**What you need to do:** Line by line, give the data again exactly as it appears.

*** Block opens ***

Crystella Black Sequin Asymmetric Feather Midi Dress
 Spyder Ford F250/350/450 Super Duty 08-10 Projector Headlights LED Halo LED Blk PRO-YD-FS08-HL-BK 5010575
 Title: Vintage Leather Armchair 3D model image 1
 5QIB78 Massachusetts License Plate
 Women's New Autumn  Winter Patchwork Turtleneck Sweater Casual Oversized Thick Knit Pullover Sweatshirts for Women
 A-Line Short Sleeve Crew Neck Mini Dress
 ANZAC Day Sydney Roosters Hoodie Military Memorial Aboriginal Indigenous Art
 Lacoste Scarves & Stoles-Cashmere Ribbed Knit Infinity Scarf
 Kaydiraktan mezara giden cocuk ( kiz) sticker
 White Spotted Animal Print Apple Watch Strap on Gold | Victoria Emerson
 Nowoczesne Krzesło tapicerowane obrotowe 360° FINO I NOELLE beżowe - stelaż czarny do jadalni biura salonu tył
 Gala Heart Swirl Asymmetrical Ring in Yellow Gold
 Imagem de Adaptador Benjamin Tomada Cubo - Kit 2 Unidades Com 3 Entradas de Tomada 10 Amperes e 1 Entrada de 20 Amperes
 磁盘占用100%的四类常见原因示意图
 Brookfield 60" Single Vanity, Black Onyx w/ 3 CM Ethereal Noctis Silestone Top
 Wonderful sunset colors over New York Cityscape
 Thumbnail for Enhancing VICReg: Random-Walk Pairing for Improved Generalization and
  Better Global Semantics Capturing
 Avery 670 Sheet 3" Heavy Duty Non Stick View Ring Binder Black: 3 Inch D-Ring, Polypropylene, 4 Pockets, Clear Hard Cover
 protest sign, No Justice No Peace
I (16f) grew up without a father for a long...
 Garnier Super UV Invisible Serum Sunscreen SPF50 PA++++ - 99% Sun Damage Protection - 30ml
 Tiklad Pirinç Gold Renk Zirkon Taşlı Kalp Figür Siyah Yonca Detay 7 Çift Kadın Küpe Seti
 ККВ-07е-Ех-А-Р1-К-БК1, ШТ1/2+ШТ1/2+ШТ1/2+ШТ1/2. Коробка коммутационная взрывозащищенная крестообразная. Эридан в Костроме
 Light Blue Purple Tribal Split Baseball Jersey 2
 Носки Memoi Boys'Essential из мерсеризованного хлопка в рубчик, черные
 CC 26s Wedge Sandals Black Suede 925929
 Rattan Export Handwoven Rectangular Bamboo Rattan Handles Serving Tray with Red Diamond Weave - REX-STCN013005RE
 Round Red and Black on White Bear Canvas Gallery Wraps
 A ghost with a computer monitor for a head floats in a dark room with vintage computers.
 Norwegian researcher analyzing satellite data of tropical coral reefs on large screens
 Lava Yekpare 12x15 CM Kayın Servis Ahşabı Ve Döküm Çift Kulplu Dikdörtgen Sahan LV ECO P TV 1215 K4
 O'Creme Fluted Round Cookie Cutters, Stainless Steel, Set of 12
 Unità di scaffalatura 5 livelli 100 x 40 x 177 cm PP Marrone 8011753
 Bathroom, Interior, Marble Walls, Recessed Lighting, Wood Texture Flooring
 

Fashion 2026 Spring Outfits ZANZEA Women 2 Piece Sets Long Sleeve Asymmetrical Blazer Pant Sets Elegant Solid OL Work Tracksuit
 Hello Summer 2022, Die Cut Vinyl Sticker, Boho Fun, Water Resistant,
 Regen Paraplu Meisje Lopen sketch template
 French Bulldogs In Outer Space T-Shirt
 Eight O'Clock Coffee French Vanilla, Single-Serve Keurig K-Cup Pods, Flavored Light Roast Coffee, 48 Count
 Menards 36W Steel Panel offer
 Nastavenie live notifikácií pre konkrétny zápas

*** Block closes ***

**Answer to this exercise:**
Crystella Black Sequin Asymmetric Feather Midi Dress
 Spyder Ford F250/350/450 Super Duty 08-10 Projector Headlights LED Halo LED Blk PRO-YD-FS08-HL-BK 5010575
 Title: Vintage Leather Armchair 3D model image 1
 5QIB78 Massachusetts License Plate
 Women's New Autumn  Winter Patchwork Turtleneck Sweater Casual Oversized Thick Knit Pullover Sweatshirts for Women
 A-Line Short Sleeve Crew Neck Mini Dress
 ANZAC Day Sydney Roosters Hoodie Military Memorial Aboriginal Indigenous Art
 Lacoste Scarves & Stoles-Cashmere Ribbed Knit Infinity Scarf
 Kaydiraktan mezara giden cocuk ( kiz) sticker
 White Spotted Animal Print Apple Watch Strap on Gold | Victoria Emerson
 Nowoczesne Krzesło tapicerowane obrotowe 360° FINO I NOELLE beżowe - stelaż czarny do jadalni biura salonu tył
 Gala Heart Swirl Asymmetrical Ring in Yellow Gold
 Imagem de Adaptador Benjamin Tomada Cubo - Kit 2 Unidades Com 3 Entradas de Tomada 10 Amperes e 1 Entrada de 20 Amperes
 磁盘占用100%的四类常见原因示意图
 Brookfield 60" Single Vanity, Black Onyx w/ 3 CM Ethereal Noctis Silestone Top
 Wonderful sunset colors over New York Cityscape
 Thumbnail for Enhancing VICReg: Random-Walk Pairing for Improved Generalization and
  Better Global Semantics Capturing
 Avery 670 Sheet 3" Heavy Duty Non Stick View Ring Binder Black: 3 Inch D-Ring, Polypropylene, 4 Pockets, Clear Hard Cover
 protest sign, No Justice No Peace
I (16f) grew up without a father for a long...
 Garnier Super UV Invisible Serum Sunscreen SPF50 PA++++ - 99% Sun Damage Protection - 30ml
 Tiklad Pirinç Gold Renk Zirkon Taşlı Kalp Figür Siyah Yonca Detay 7 Çift Kadın Küpe Seti
 ККВ-07е-Ех-А-Р1-К-БК1, ШТ1/2+ШТ1/2+ШТ1/2+ШТ1/2. Коробка коммутационная взрывозащищенная крестообразная. Эридан в Костроме
 Light Blue Purple Tribal Split Baseball Jersey 2
 Носки Memoi Boys'Essential из мерсеризованного хлопка в рубчик, черные
 CC 26s Wedge Sandals Black Suede 925929
 Rattan Export Handwoven Rectangular Bamboo Rattan Handles Serving Tray with Red Diamond Weave - REX-STCN013005RE
 Round Red and Black on White Bear Canvas Gallery Wraps
 A ghost with a computer monitor for a head floats in a dark room with vintage computers.
 Norwegian researcher analyzing satellite data of tropical coral reefs on large screens
 Lava Yekpare 12x15 CM Kayın Servis Ahşabı Ve Döküm Çift Kulplu Dikdörtgen Sahan LV ECO P TV 1215 K4
 O'Creme Fluted Round Cookie Cutters, Stainless Steel, Set of 12
 Unità di scaffalatura 5 livelli 100 x 40 x 177 cm PP Marrone 8011753
 Bathroom, Interior, Marble Walls, Recessed Lighting, Wood Texture Flooring
 

Fashion 2026 Spring Outfits ZANZEA Women 2 Piece Sets Long Sleeve Asymmetrical Blazer Pant Sets Elegant Solid OL Work Tracksuit
 Hello Summer 2022, Die Cut Vinyl Sticker, Boho Fun, Water Resistant,
 Regen Paraplu Meisje Lopen sketch template
 French Bulldogs In Outer Space T-Shirt
 Eight O'Clock Coffee French Vanilla, Single-Serve Keurig K-Cup Pods, Flavored Light Roast Coffee, 48 Count
 Menards 36W Steel Panel offer
 Nastavenie live notifikácií pre konkrétny zápas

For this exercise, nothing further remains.